AA wants a bankruptcy caliber contract, only without the bankruptcy. They're not going to get one. The pilots are going to get a big part of their compensation restored. They're not asking for a "raise." In real dollars, pilots are earning about HALF what they used to before the era of hundreds of millions of dollars of executive bonuses. Like executive bonuses, costs are going up, not down.

There's an old saying I learned in my business classes in university . . . . Companies that have bad labor relations have bad management.
 
Winglet... In case you missed checking your 401K balance over the past two months, we're pretty much in a recession (if not a depression). Businesses are folding for being unable to get credit, banks are holding onto their cash, and the crisis is even starting to hurt China and India, who just a year ago had virtually unstoppable growth economies.

Even the Obamessiah won't be able to part the seas and reverse the effects that the economic downturn will have on leisure and business travel.

And that means lower revenues for AA and the rest of the legacies, and a snowball's chance in San Juan of ever seeing the raises Cap'n Lloyd and his jolly band of Allied Pirates are seeking...
 
If they want a regression to a BK contract, then let them quit wasting time and just go ahead and declare a impasse with the APA and force a strike so they can get their wish.

If the country is that bad off, then maybe one less airline wouldn't hurt the economy.

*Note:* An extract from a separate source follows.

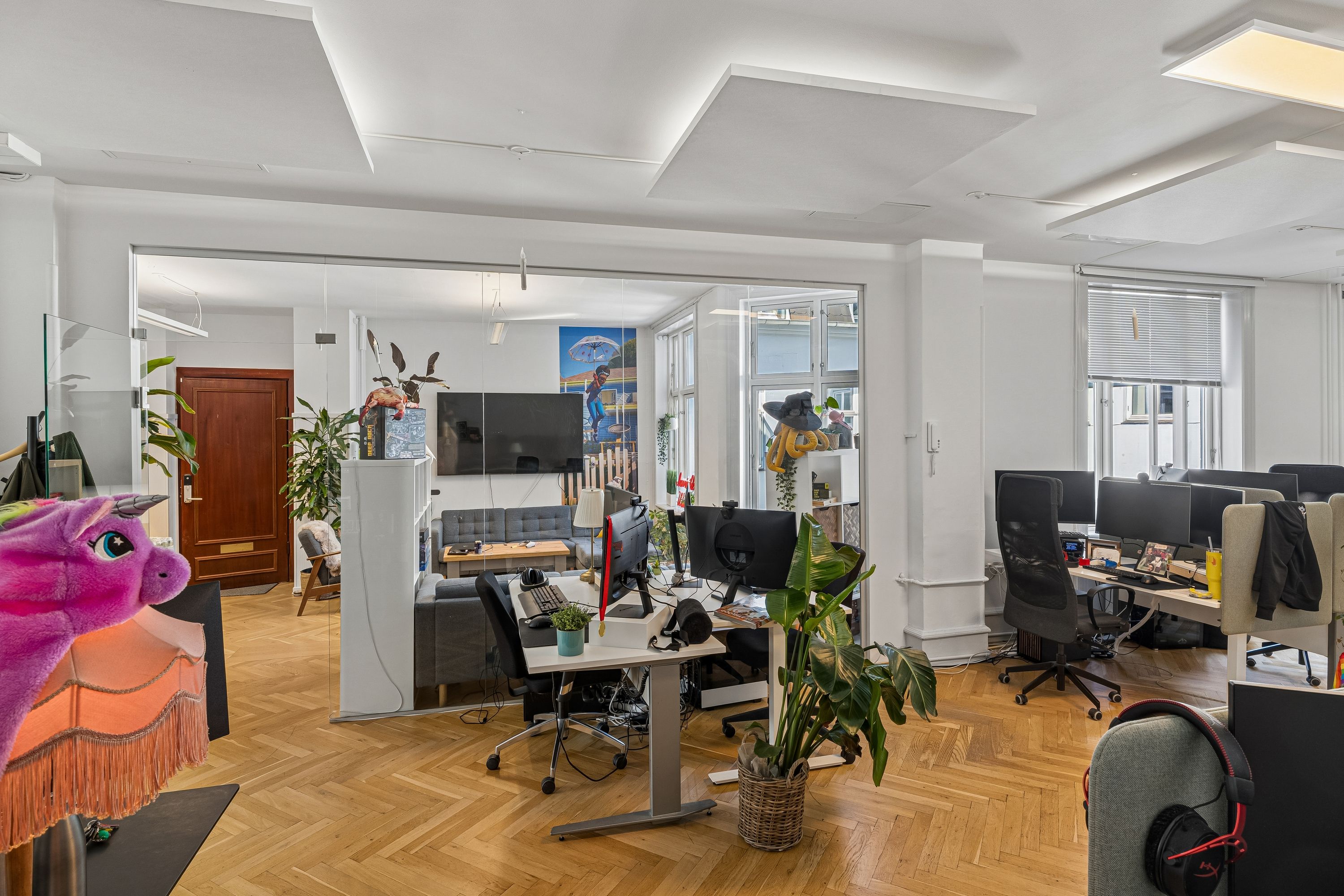Lyst og højloftet kontor med lyse lofter og store ruder, computere, skriveborde og en sofa i baggrunden. Der er flere sjove figurindslag og plantepoter med grønne planter.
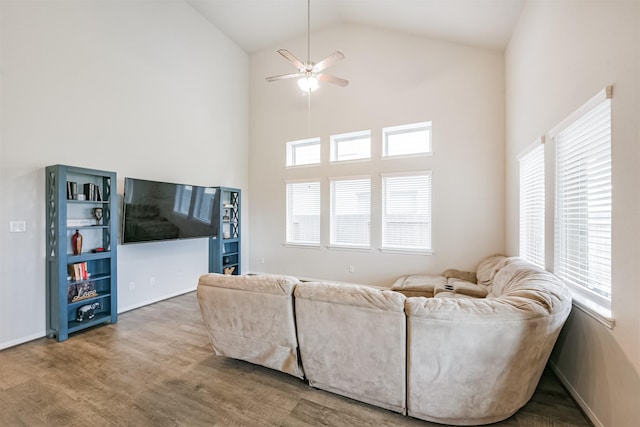 living room featuring hardwood / wood-style floors, ceiling fan, and high vaulted ceiling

I guess name-calling the professional pilots of AA "Pirates" is the best you can do. Make sure the next time you fly on AA that you pop your head in the cockpit and tell the Capt and FO you think their overpaid "Pirates." They'll really like it.

And speaking of which, which group is responsible for the looting of the US economy? . . . the workers of this country, or the corporate elites who cooked up these super-risky investment schemes, lined their pockets with cash, then drove their companies and our country off the cliff? . . . . while they pop their golden parachutes and float down to Caribbean islands and safe offshore bank accounts.